Datacultr in 2026: The Platform Built for Multi-Device Financing
Based on the proven success of smartphones, Datacultr now powers end-to-end financing across device categories through three core pillars:
1. Device-Level Security for Every Category
We tailor security models based on the device’s characteristics:
Offline lock
SIM/network restriction where applicable
Tamper/bypass protection
On-device communication
IoT locks for non-smart appliances
Smartphones, TVs, laptops, and appliances each behave differently —
Datacultr adapts risk control to each one.
2. Intelligent, Automated Collections for All Devices
Datacultr’s suite now works across device categories:
DigiCalls for instant automated follow-ups
PTP journeys to convert intent into payment
Digital Legal Notices for compliance
On-device reminders and nudges (including non-phone devices)
This ensures lenders manage collections for any device, any market, any bucket: digitally, ethically, and at scale.
For smartphones, the undeletable Odyssey app is used for managing the entire lifecycle. For other devices, Datacultr’s smart SDK on the end-user app allows the financier to manage end-to-end.
3. Behaviour-Led Borrower Engagement (TrueDigi)
The intelligence layer that:
Learns borrower repayment patterns
Anticipates delinquency
Triggers the right intervention at the right time
Improves repayment rates across all device types
2026 Outlook: The Shift from One Device to the Whole Household
Because smartphone financing worked, 2026 will see:
✔️ TV financing become mainstream
✔️ Laptops financed for education and work
✔️ ACs and appliances financed as homes upgrade
✔️ Banks expanding into device-led credit for new customers
✔️ OEMs and retailers adopting finance-first distribution models
✔️ Telcos bundling multiple devices into financed packages
✔️ New business models like device subscription and renting have also become viable
The household is becoming the centre of financial inclusion, and every key device in that home can now be financed responsibly.
Conclusion: Datacultr Has Already Built the Path; Now the Market Is Expanding It
Banks and lenders remain at the heart of this shift.
Customers continue to demand better devices.
OEMs and retailers are ready to scale financing.
And Datacultr provides the rails that connect them securely, ethically, and with proven success across 25 million devices.
2026 isn’t a prediction.
It’s the next step of a model that has already proven itself.
From smartphones to the entire household, financed devices will drive the next wave of inclusion, and Datacultr will power it.
People Also Ask
Why is multi-device financing the next logical step after smartphones?
Smartphone financing proved that people repay when the device is important to their daily life. The same is now true for TVs, laptops, ACs, and appliances. These devices support education, work, and basic household needs. Once smartphones worked at scale, financing more devices is a natural next step
How can lenders serve first-time borrowers across multiple devices?
Smartphone financing showed that first-time borrowers can be trusted when the product has real value.

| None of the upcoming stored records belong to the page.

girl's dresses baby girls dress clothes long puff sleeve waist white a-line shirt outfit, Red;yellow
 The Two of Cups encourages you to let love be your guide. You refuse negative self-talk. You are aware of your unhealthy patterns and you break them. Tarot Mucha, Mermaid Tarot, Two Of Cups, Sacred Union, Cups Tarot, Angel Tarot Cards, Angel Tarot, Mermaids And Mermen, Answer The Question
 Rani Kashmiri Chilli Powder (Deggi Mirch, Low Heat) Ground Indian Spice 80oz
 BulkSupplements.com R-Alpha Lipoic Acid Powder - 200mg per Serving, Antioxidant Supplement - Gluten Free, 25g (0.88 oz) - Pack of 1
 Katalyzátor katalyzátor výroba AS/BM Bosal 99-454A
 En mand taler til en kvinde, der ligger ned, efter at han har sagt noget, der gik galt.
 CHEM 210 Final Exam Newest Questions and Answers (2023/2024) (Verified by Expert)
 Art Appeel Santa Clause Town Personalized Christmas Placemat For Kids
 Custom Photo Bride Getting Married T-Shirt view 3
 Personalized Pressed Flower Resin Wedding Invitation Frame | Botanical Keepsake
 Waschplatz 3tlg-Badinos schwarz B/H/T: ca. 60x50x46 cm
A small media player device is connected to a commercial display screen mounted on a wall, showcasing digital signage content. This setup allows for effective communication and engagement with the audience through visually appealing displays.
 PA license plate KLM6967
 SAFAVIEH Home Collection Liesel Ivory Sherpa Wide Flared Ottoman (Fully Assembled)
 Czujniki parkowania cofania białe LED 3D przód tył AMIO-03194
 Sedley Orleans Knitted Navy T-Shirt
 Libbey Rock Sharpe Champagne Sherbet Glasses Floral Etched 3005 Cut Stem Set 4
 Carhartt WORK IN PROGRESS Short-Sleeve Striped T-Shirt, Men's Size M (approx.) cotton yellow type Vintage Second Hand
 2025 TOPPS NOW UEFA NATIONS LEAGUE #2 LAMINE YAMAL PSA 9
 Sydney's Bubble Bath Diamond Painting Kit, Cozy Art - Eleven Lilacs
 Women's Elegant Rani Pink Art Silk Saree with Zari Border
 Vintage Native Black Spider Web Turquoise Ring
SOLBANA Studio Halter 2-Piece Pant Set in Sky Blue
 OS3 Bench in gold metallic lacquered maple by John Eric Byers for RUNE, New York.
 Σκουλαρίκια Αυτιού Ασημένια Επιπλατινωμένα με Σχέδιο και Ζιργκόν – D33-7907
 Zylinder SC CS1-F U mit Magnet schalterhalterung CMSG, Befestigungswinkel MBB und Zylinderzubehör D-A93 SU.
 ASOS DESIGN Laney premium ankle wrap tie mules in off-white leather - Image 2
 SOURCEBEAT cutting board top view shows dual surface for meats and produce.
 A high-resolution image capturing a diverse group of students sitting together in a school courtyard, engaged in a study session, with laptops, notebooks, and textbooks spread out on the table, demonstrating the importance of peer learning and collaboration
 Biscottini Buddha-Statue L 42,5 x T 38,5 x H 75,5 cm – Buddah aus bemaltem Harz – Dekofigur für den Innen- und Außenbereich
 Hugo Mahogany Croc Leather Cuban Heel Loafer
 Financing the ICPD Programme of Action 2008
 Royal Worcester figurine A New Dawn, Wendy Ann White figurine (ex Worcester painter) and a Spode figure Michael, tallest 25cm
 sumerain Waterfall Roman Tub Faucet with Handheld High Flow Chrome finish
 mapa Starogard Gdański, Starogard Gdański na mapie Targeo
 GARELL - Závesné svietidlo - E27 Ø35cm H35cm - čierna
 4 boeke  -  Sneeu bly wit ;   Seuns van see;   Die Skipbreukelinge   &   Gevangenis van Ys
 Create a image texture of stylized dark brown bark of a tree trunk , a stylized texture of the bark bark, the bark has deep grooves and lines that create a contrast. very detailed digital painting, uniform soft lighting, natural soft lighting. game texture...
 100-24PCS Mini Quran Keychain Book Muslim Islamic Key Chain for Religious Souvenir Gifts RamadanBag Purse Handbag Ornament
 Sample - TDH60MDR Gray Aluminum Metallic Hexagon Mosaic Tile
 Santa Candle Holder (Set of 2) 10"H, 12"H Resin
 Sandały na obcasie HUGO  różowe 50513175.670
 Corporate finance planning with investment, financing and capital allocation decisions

Many of them return for a second loan. Multi-device financing builds on this. Lenders start with one essential device and gradually finance more devices within the same household, growing the relationship without increasing risk.
What makes Datacultr suitable for financing multiple devices?
Datacultr was built to manage risk, engagement, and collections at the device level, not just at the loan level. This means the same system that works for smartphones can also secure and manage TVs, laptops, and appliances, even when they are offline. Lenders can use one platform to manage repayments, communication, and compliance across all device types.